Pursuant to the requirements of the Securities Exchange Act of 1934, the registrant has duly caused this notification to be signed on its behalf by the undersigned hereunto duly authorized.
STONERIDGE, INC.
Date: May 11, 2026
By: /s/ Robert J. Hartman, Jr.         
Robert J. Hartman, Jr.
Interim Chief Financial Officer and Treasurer (Principal Financial Officer)

FAQ

Why did Stoneridge (SRI) file a Form 12b-25 delaying its 10-Q?

The company delayed the Form 10-Q to complete discontinued-operations accounting after the sale of Control Devices on January 30, 2026. This requires retrospective recasting, tax allocation, and determination of the loss on disposition before finalizing financials.

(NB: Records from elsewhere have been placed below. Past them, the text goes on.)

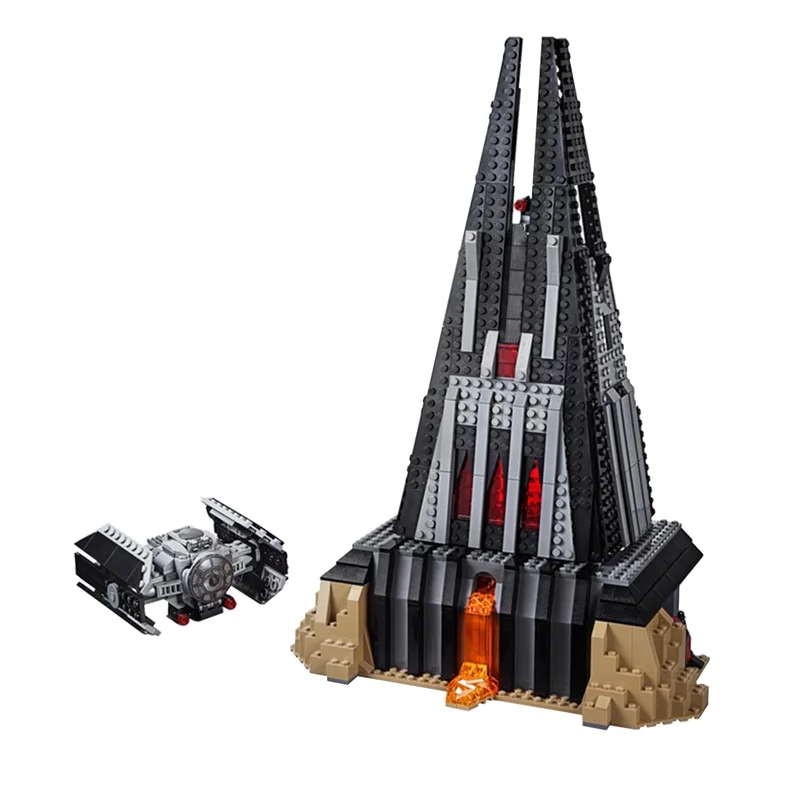 

Конструктор MOC 75251, здание, черный воин, замок, набор строительных блоков, архитектура, башня из кубиков, сборные игрушки для детей, подарки на...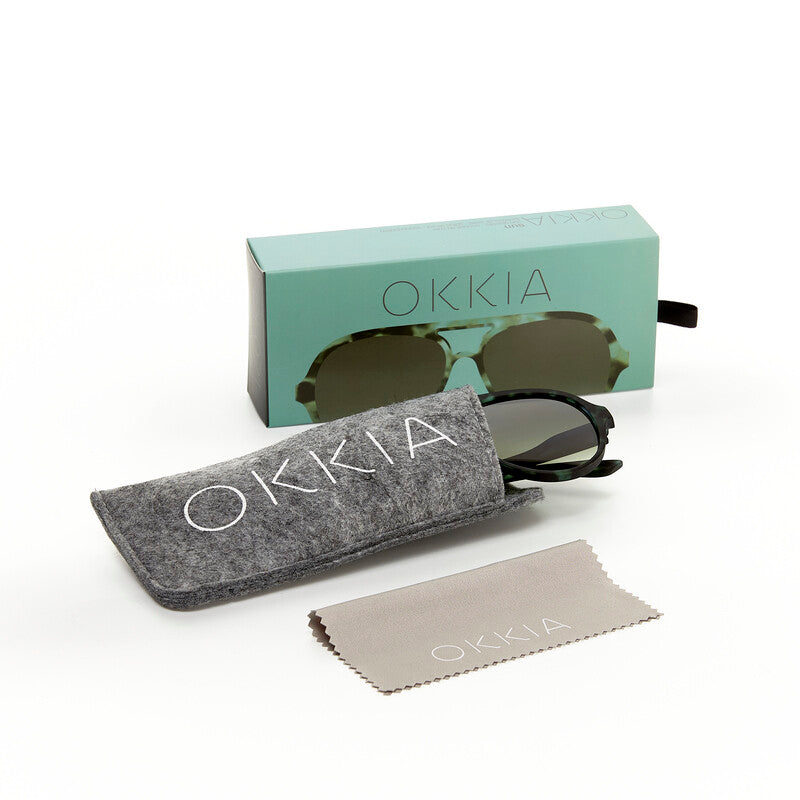 OK021-KH - Occhiali da Sole - OKKIA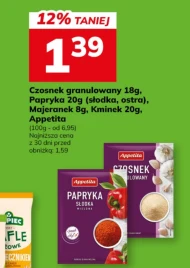 Czosnek granulowany Appetita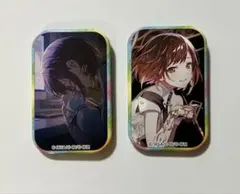 プロセカ 東雲絵名 スクエア缶バッジ 59B - メルカリ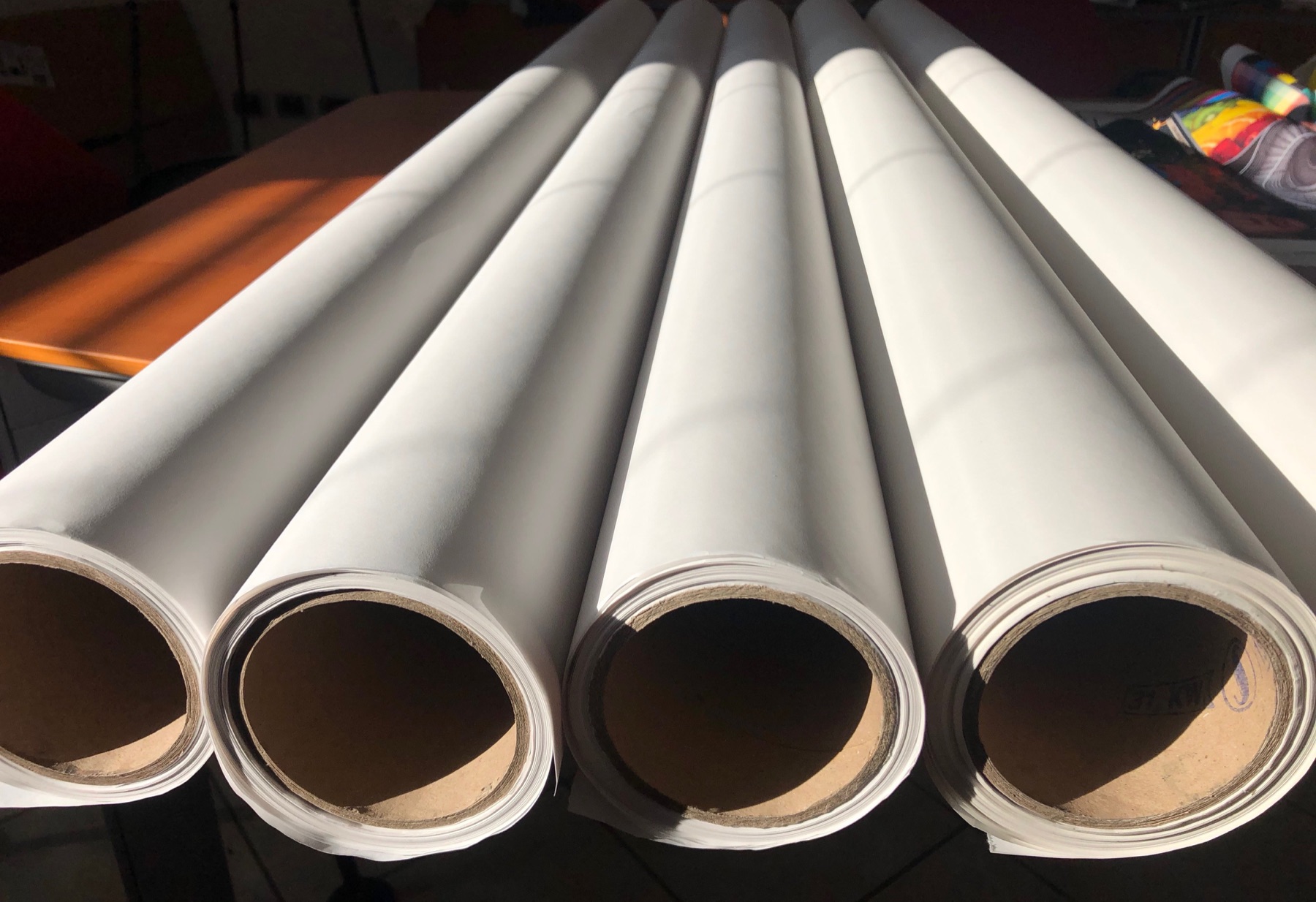 Rollos de papel de sublimación
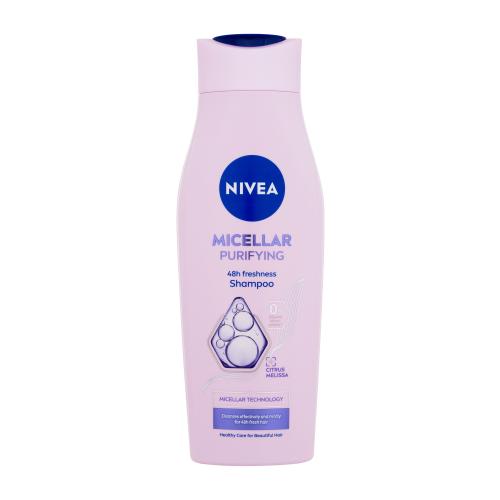 Nivea Micellar Purifying Shampoo 400 ml micelárny šampón na hĺbkové čistenie pre ženy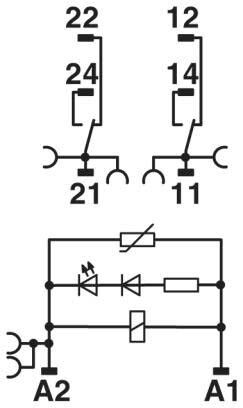 Relaismodul 2909775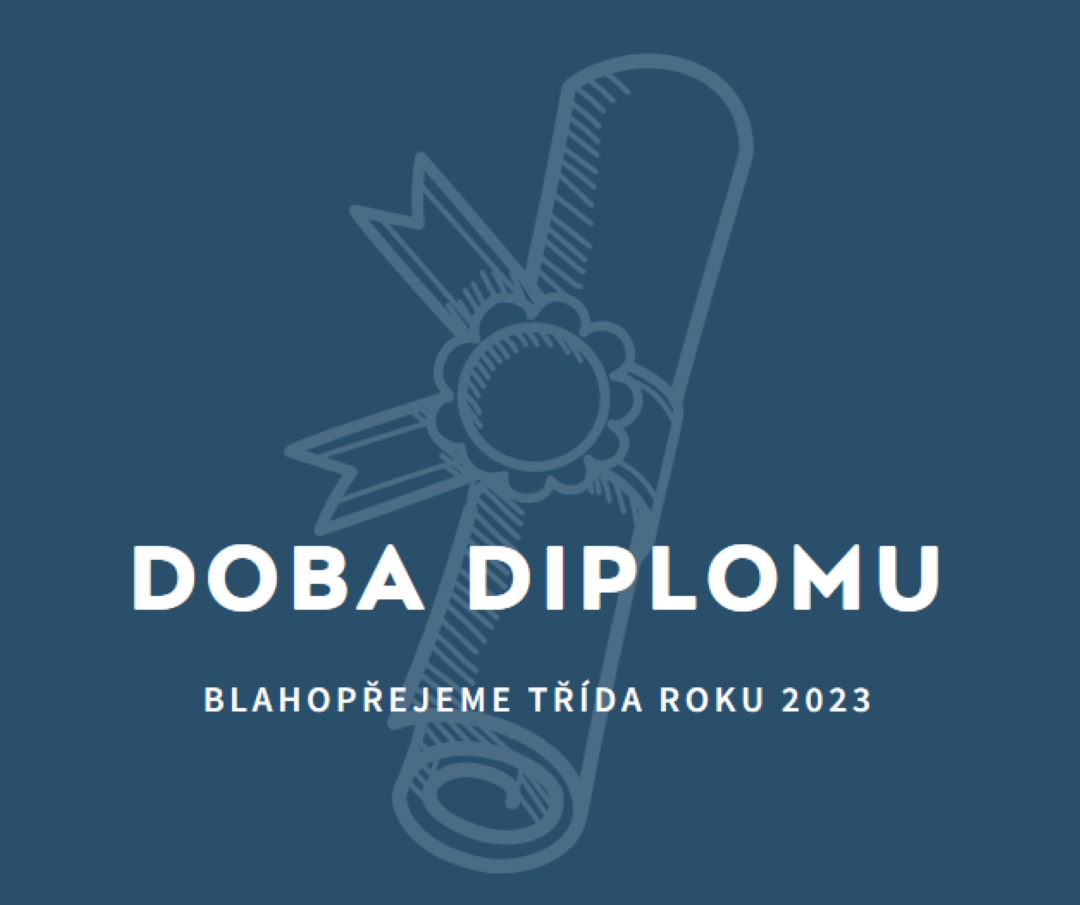 Váš diplom blue modern-simple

How large was the sale of the Control Devices business reported by SRI?

Stoneridge reported net sale proceeds of $59.0 million, subject to customary post-closing adjustments. The company will present the sale as a discontinued operation and finalize the proceeds detail in the Form 10-Q.

What are Stoneridge’s expected continuing-operations results for Q1 2026?

On a continuing-operations basis, Stoneridge expects revenue of about $160.8 million and an operating loss of about $9.0 million for the quarter ended March 31, 2026. More detail will appear in the filed 10-Q.

What is Stoneridge’s debt position and covenant status as of March 31, 2026?

As of March 31, 2026, Stoneridge reported approximately $156.5 million of outstanding borrowings under its credit agreement and stated it was in compliance with all financial covenants on that date.